Gazeteci Can Dündar hakkında 'kırmızı bülten' kararı

Gazeteci Can Dündar hakkında 'kırmızı bülten' kararı
MİT tırları davasında 27 yıl 6 ay hapis cezasına çarptırılan Gazeteci Can Dündar hakkında bir kez daha 'kırmızı bülten' çıkarılması kararı verildi.

Gazeteci Can Dündar hakkında 'örgüte üye olmaksızın bilerek ve isteyerek yardım etmek' suçlamasından ayrılan dosyası kapsamında hakkında tutuklamaya yönelik yakalama ve kırmızı bülten çıkarılması kararı verildi.

"Siyasi ve askeri casusluk" suçlamasından 18 yıl 9 ay hapis ve "Silahlı terör örgütüne yardım etmek" suçlamasından 8 yıl 9 ay hapis cezası olmak üzere toplam 27 yıl 6 ay hapis cezasına çarptırılan gazeteci Can Dündar hakkında bir kez daha kırmızı bülten çıkarılması kararı verildi.

DÜNDAR: BİR SÜRE SAVCILARI GÖREVE ÇAĞIRMASINLAR

Dündar, kırmızı bülten kararının ardından yaptığı ilk açıklamada, "Muhalefetten ricam; bir süre savcıları göreve çağırmasınlar. Ters sonuçlar oluyor" ifadelerini kullandı.

Dündar, kırmızı bülten kararının yalnızca Interpol tarafından çıkarılabildiğini hatırlatarak, "Mahkemeler sadece Adalet Bakanlığı’ndan İnterpol’e başvurup kırmızı bülten çıkarmasını isteyebiliyor.
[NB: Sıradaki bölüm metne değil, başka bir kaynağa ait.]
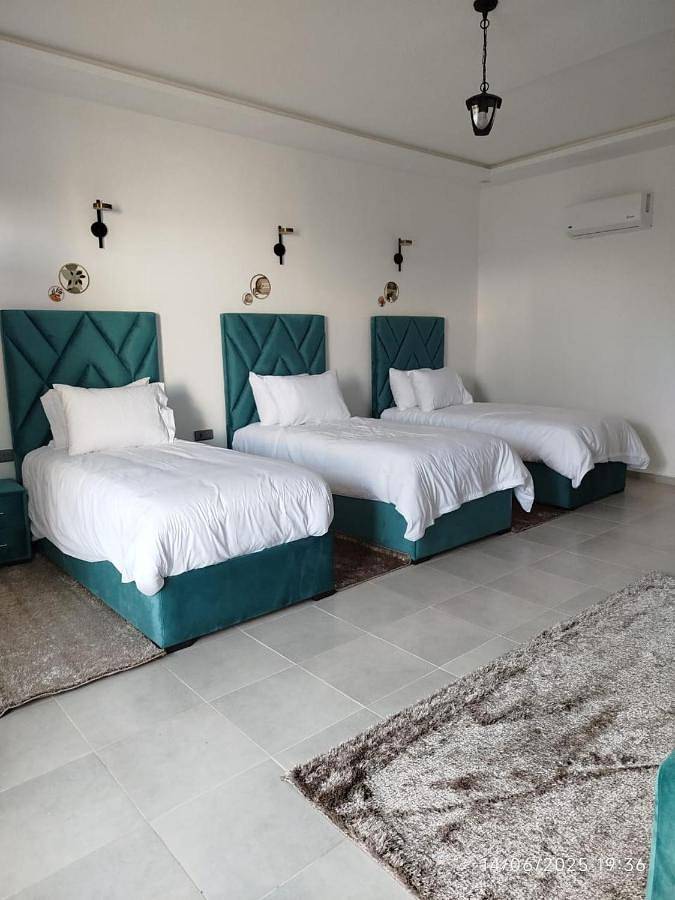 Chambre d’hôte pour 4 personnes, avec vue ainsi que jardin et piscine dans Ghazoua - 3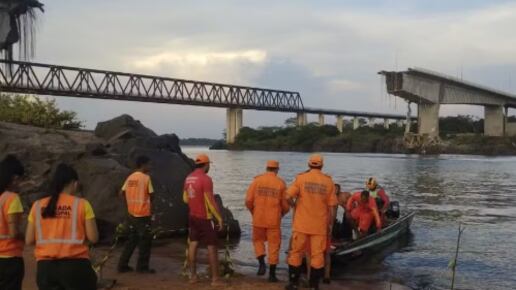 Caminhões que levavam produtos tóxicos caíram na água
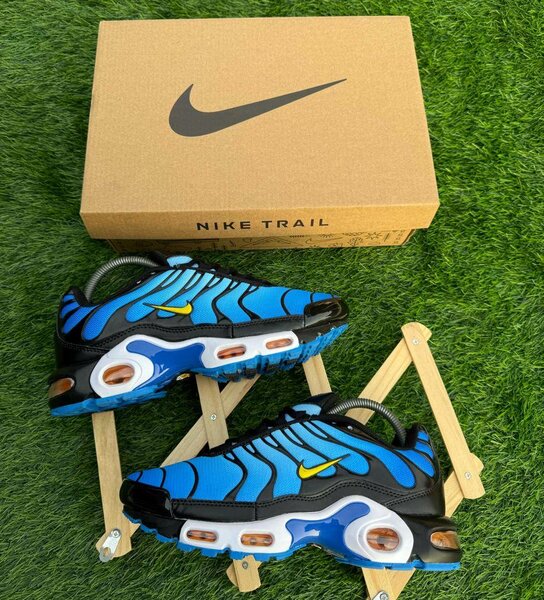 NIKE TN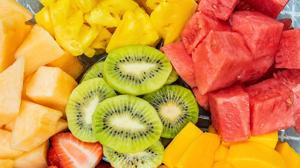 These fresh and light summer salad recipes are perfect for breakfast, lunch and dinner. (Shutterstock) These fresh and light summer salad recipes are perfect for breakfast, lunch and dinner. (Shutterstock)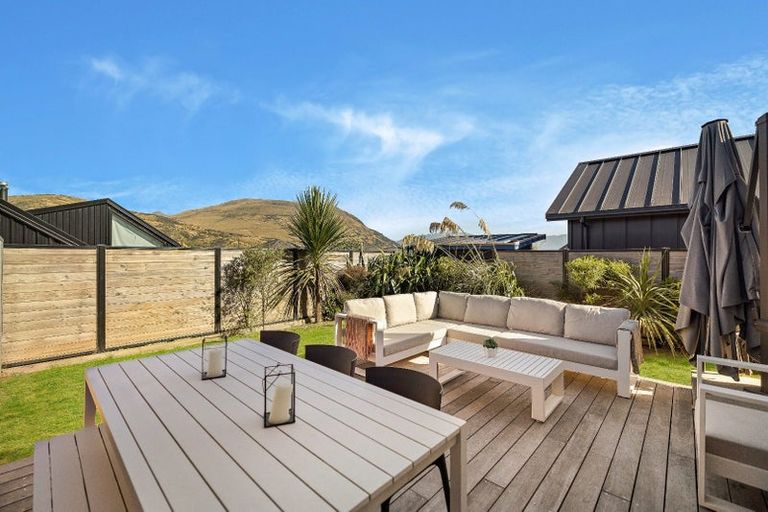 Photo of property in 13 Wheat Street, Jacks Point, Queenstown, 9371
Ve İnterpol, asıl amacın muhalifleri susturmak olduğunu bildiği için, Ankara’nın hiçbir başvurusunu ciddiye almıyor" diye ekledi.

'HİÇ UĞRAŞMASINLAR: YILMAYIZ'

Dündar tweet dizisinin devamında çnceki kararları hatırlatarak şunları dile getirdi:

"İnterpol, Türk Hükümetinin Kırmızı Bülten’i kötüye kullandığını anladı. Bu yüzden Türkiye, gerçek suçluları da geri alamıyor. Yani katiller, darbeciler, uyuşturucu kaçakçıları vs de AKP’nin muhalifleri cezalandırma iştahı sayesinde kurtuluyor.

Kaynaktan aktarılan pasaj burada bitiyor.